In friendly conversation with Texas Republican Ted Cruz, Samuels pointed to a decrease in the Bureau of Prisons’ use of isolation. “Since the hearing in 2012,” he said, “we have reduced the restricted housing population by over 25 percent. Within the last year, we have gone from 13.5 percent to 6.5 percent.” (The numbers do not come close to computing, and the BOP did not immediately respond to Solitary Watch’s request for clarification.)  Samuels also contended that “94 percent of the inmates within our system have no mental illness,” and only 555 federal prisoners had serious mental illness requiring “intensive treatment.” Samuels did not say how many of the 555 were in restricted housing, and no one asked.

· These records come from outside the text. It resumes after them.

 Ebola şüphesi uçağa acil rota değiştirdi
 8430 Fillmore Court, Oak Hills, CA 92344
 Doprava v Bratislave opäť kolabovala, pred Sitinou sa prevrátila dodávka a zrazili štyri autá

In federal facilities, then, the total number of individuals in solitary who fall into the categories Durbin identified — children, pregnant women, and people with “serious and persistent mental illness” — is no more than a few hundred. This in a prison system where, according to its own director, close to 14,000 people are in some form of isolation.

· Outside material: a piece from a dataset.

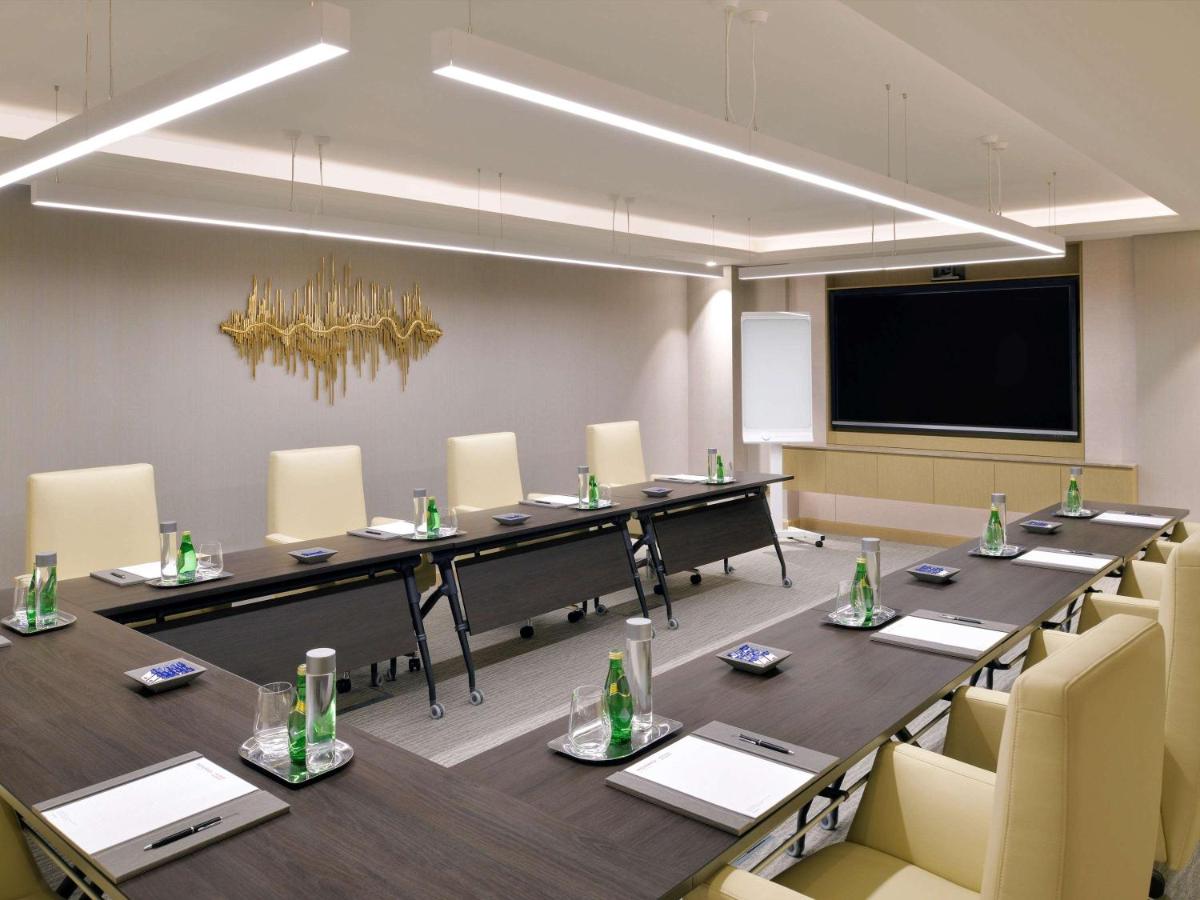 Mövenpick Hotel Bahrain photo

On the other hand, Samuels told Cruz, there remain a lot of dangerous prisoners in the system who justify the use of solitary. “We have over 20,000 gang members in our system. They are watching this hearing, they are watching our testimony very, very closely, for the reason being if they see that we will lower our standards… it puts our staff at risk, it puts other inmates at risk.”

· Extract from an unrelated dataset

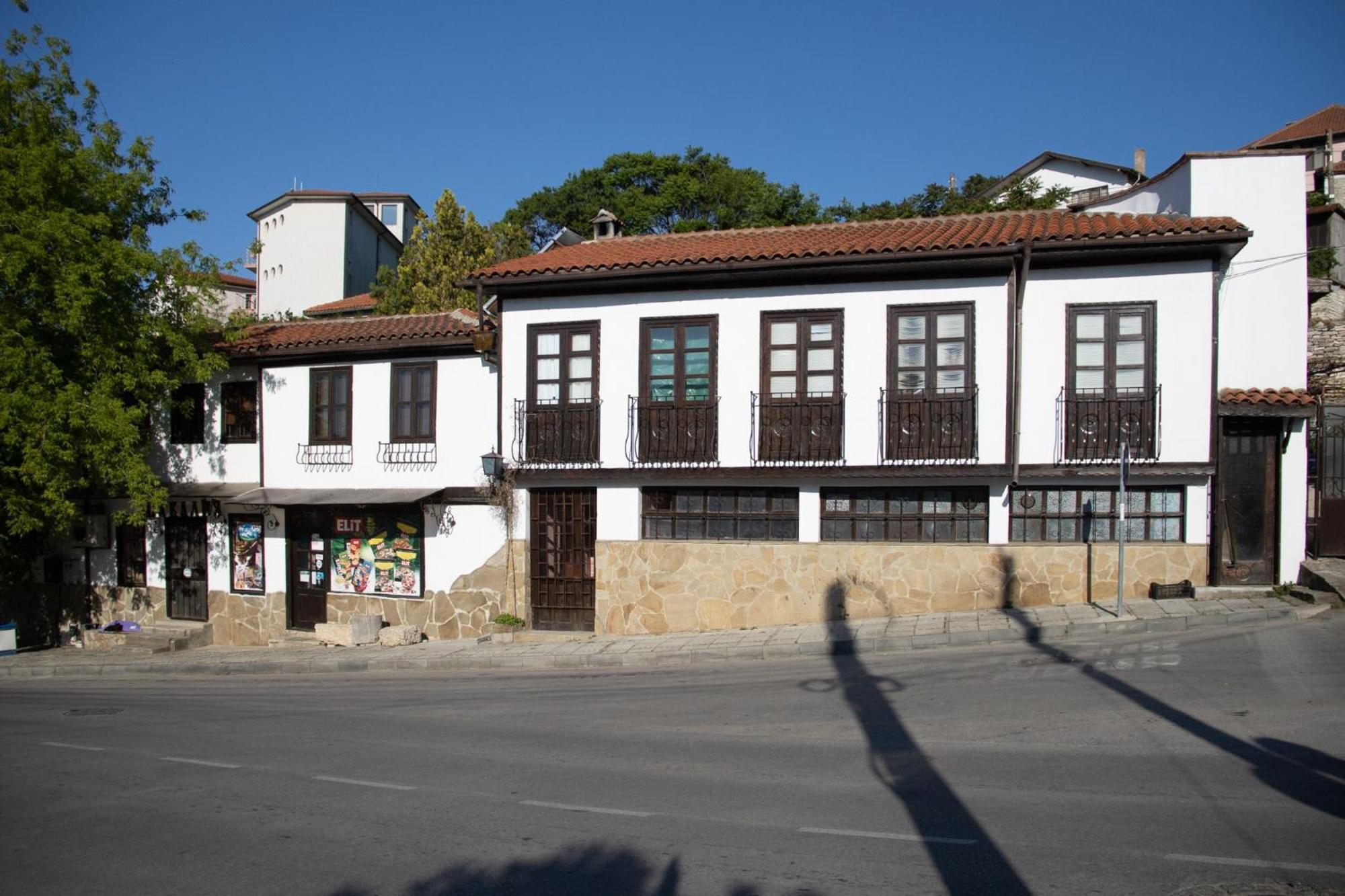 Старата Баkалия The Old Grocery, Guest Rooms Baltjik Exteriör bild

The BOP director’s only challenging exchange took place with Minnesota Democrat Al Franken, when the Minnesota Democrat asked him the size of “an average cell in solitary confinement.” After stuttering and prevaricating, Samuels shrugged and guessed “6 by 4″ — an area smaller than a full-sized bed. (The actual dimensions are 7′ x 10′, closer to the size of an elevator.) It was a YouTube moment, embarrassing for the BOP. But in general, Samuels had acquitted himself well under softball questioning by subcommittee members.

The panel of expert witnesses, too, seemed designed to support the agenda of the day, and lacked the intensity of the panel at the 2012 hearing. Rick Raemisch, the Colorado prisons director who recently distinguished himself by spending a night in solitary and writing about it in the New York Times, looked highly enlightened compared with most prison officials. He declared solitary confinement to be “overused, misused, and abused,” and said he had cut Colorado’s use of administrative segregation in half.

Orange Is the New Black author Piper Kerman briefed the subcommittee on the use of solitary “to intimidate women who are being sexually abused by staff.” It is “a powerful disincentive to ask for help or justice,” she said. Prison Fellowship president Craig DeRoche focused on another vulnerable population: “Our jails have become our country’s mental health units” he said, and prisons should take steps to “reduce the use of segregation,” especially on people with mental illness. Marc Levin, director at the Texas Public Policy Foundation and a progenitor of Right on Crime, spoke of the need to “shine a light upon the most restrictive areas of government control,” and suggested several sensible but tepid reforms to reduce the use of solitary for “those who commit minor violations behind bars.”

Only Damon Thibodeaux, who spent 15 years on death row in Louisiana’s Angola prison before being exonerated, took an uncompromising position on the use of solitary confinement. The soft-spoken Thibodeaux talked about the mental and physical suffering of life in solitary, the hopelessness that had led him to consider suicide. “I can see no reason to subject anyone to this type of existence, no matter how certain we are that they are guilty of a horrible crime, and are among the worst of the worst.” Thibodeaux alone suggested that there could be alternatives to extreme isolation even for people who might need to be separated from the general population. He referenced his religious faith, and was the only witness to use the word torture:

I do not condone what those who have killed and committed other serious offenses have done, but I also don’t condone what we do to them when we put them in solitary for years on end and treat them as subhuman. We are better than that. As a civilized society, we should be better than that. I would like to believe that the vast majority of the people in the United States would be appalled if they knew what we are doing to inmates in solitary confinement and understood that we are torturing them, for reasons that have little, if anything, to do with protecting other inmates or prison guards from them.

Questioning the witnesses, Ted Cruz cut to the core of what he called “an issue that raises complicated issues.” Many people, Cruz said “would think that solitary confinement, particularly for an extended period of time, is not an appropriate punishment for relatively minor infractions, but could well be a necessary tool for the most violent inmates.” He asked the same question of all five witnesses: “Is there an appropriate role for solitary confinement, is there a need for it, and in what circumstances if at all?” All answered with qualified affirmatives, though Thibodeaux again distinguished himself by arguing for more humane treatment — including more human contact — for the few who might need to live in segregation.

Cruz, and all of the senators, made a point of offering special thanks to Thibodeaux for the courage it took for him to survive his ordeal and talk about it publicly. Yet during his decade and a half in extreme isolation, Thibodeaux, who at the time was presumed to be a murderer and one of the “worst of the worst,” would not have qualified for a single one of the “reforms” discussed at the hearing. That fact alone should lend weight to his plea for all people in prison to be free from the torture of solitary confinement.